Cauvery water, hitherto a dream for 26 lakh residents living on Bangalore’s outskirts, is a turn-of-the-tap away.
After years of waiting, broken promises and missed deadlines, drinking water did gush into the taps of certain homes on the first day of the trial run. Regular supply of water will start in a phased manner starting early October, and will cover its target coverage area by November.
People living in Rajarajeshwari Nagar, Kengeri, Dasarahalli, Yelahanka, Bytarayanapura, KR Puram and Mahadevapura zones, which have been newly brought under the city corporation’s administration, will be the main beneficiaries.
The trial runs on Day 1 of the Cauvery Water Supply Scheme (CWSS) Stage 4 Phase 2, which is expected to provide 500 MLD drinking water to the areas now included under the city’s civic jurisdiction, were successful. They also marked the end of civil works for the project.
Bangalore Water Supply and Sewerage Board (BWSSB) minister S Suresh Kumar said the construction part of the project has been completed, notwithstanding the crucial challenges they faced, including shortage of labour.
He admitted there was a delay in completion and commissioning of the project, which caused a great deal of inconvenience to the citizens.
The main pipelines, spanning a length of about 73km, have been laid through the newly added areas of the city.
The minister further said that workers were not available for this project as easily as they were available for other infrastructure projects in the city, like Namma Metro. Although the requirement for the project was 5,600, the board managed with only 4,800.

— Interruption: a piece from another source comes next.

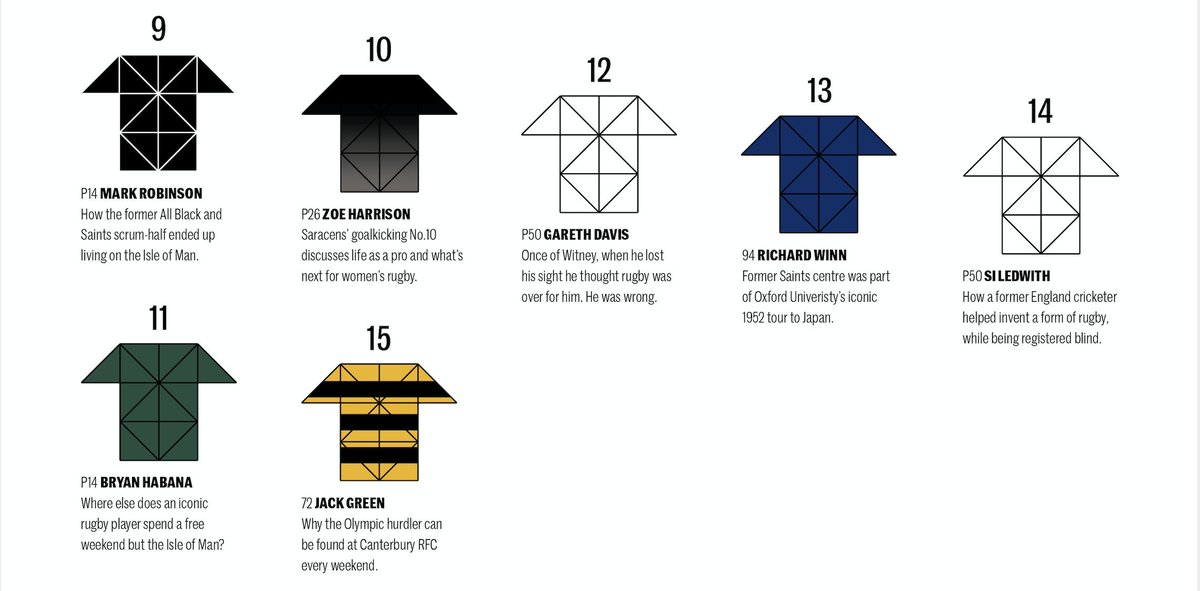 🏉Here's a backline made up from some of issue 8's stars including Olympic sprinters and Rugby World Cup winners. Pick up your copy of issue 8 now. 
📘➡️therugbyjournal.com/subscribe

The BWSSB plans to partially commission the project in the first week of October, letting out 200 million litres per day (MLD) and then commission the project fully by November, letting out 500 MLD into the lines.

Bringing water to a city over 3,000ft above mean sea level is a feat. Bangalore's undulating landscape makes it tougher still. BWSSB has built a man-made canal which draws water from the Shiva Balance Reservoir, 18km from Cauvery near Torekadana Halli (TK Halli), working against gravity. This water then flows through a mechanized gate, to let about 5,000 gallons flow into the 3,000mm diameter pipelines.

Stations located at the same place, with five motors of 3,100 HP, constantly pump the water up: from 1,200 feet below the city’s level towards the treatment plant at TK Halli. Each stage is operated by 10 such pumps at each of the three pumping stations - TK Halli, Harohalli and Tataguni, but five of them are on standby, as these machines run on 24/7 response.
The water flows through a cascade aerator, where muddy water gushes out of a fountain-like structure, so the poisonous gases mixed in are let out, and oxygen gets mixed and ionizes the minerals in the water. The water then flows into the next level, undergoes pre-chlorination and is measured at this stage. Further on, the turbidity of the water is reduced through filtration and sedimentation and let out into the next chamber for post-chlorination, stored and pumped to Harohalli, then on to Tataguni.
From Cauvery Stage 4 Phase 2 it is pumped to Vajerahalli, on the outskirts of Bangalore, and bifurcation of flow is planned. The two major lines drawn towards the east and west parts of the city will make sure water flows into KR Puram and Mahadevapura in the east, and RR Nagar, Dasarahalli, Kengeri and Yelahanka in the west.